Late last week while looking over our existing scoring methods i was thinking that while counting incoming links is nice, a couple guys dominated search with (among other things) a better way to judge the quality of incoming links, aka PageRank.

PageRank takes a very simple input, it just needs a list of all links between pages. We happen to already store all of these in elasticsearch. I wrote a few scripts to suck out the full enwiki graph (~400M edges), ship it over to stat1002, throw it into hadoop, and crunch it with a few hundred cores. The end result is a score for every NS_MAIN page in enwiki based on the quality of incoming links.

I've taken these calculated pagerank's and used them as the scoring method for search-as-you-type for http://en-suggesty.wmflabs.org.

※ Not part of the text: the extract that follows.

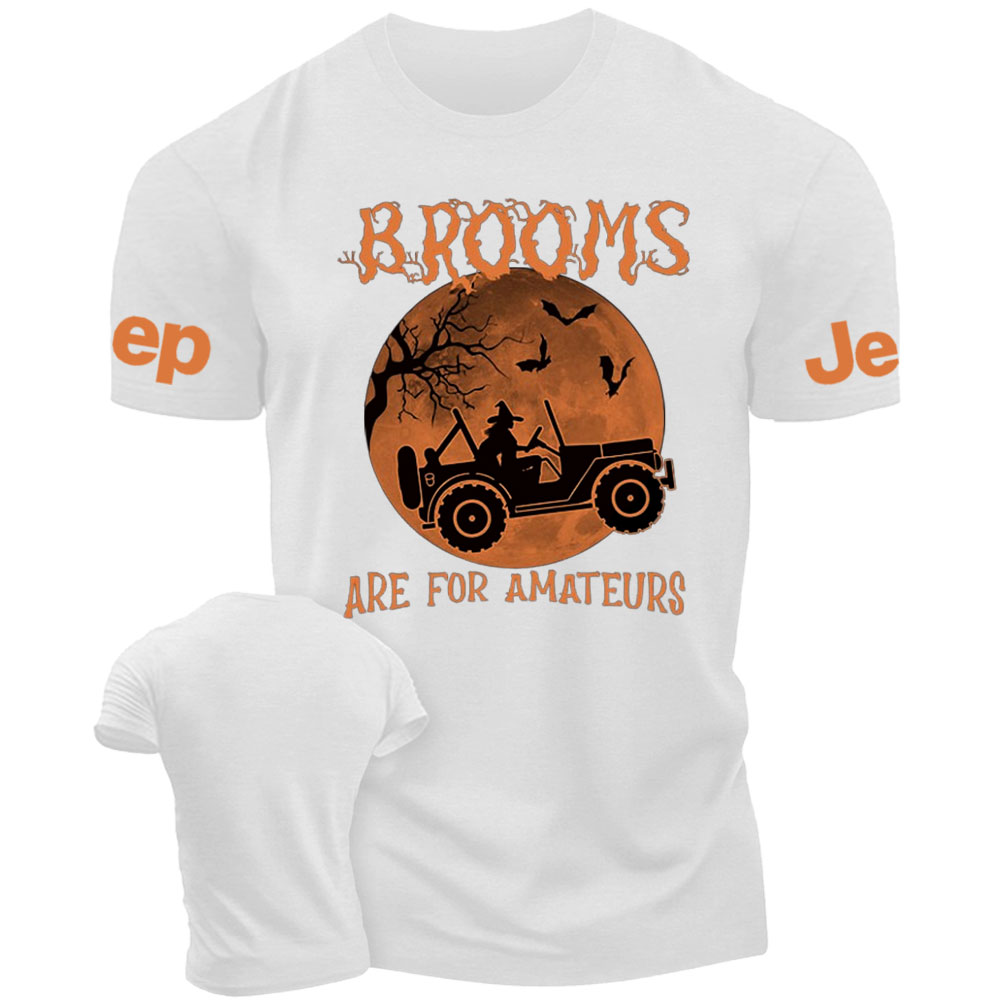 Jp Brooms Are For Amateurs Halloween T-Shirt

Overall this seems promising as another scoring metric to integrate to our search results. Not sure yet how to figure out things like how much weight does pagerank have in the score? This might be yet another thing where building out our relevance lab would enable us to make more informed decisions.

Overall i think some sort of pipeline from hadoop into our scoring system could be quite useful. The initial idea seems to be to crunch data in hadoop, stuff it into a read-only api, and then query it back out at indexing time in elasticsearch to be held within the ES docs. I'm not sure what the best way will be, but having a simple and repeatable way to calculate scoring info in hadoop and ship that into ES will probably become more and more important.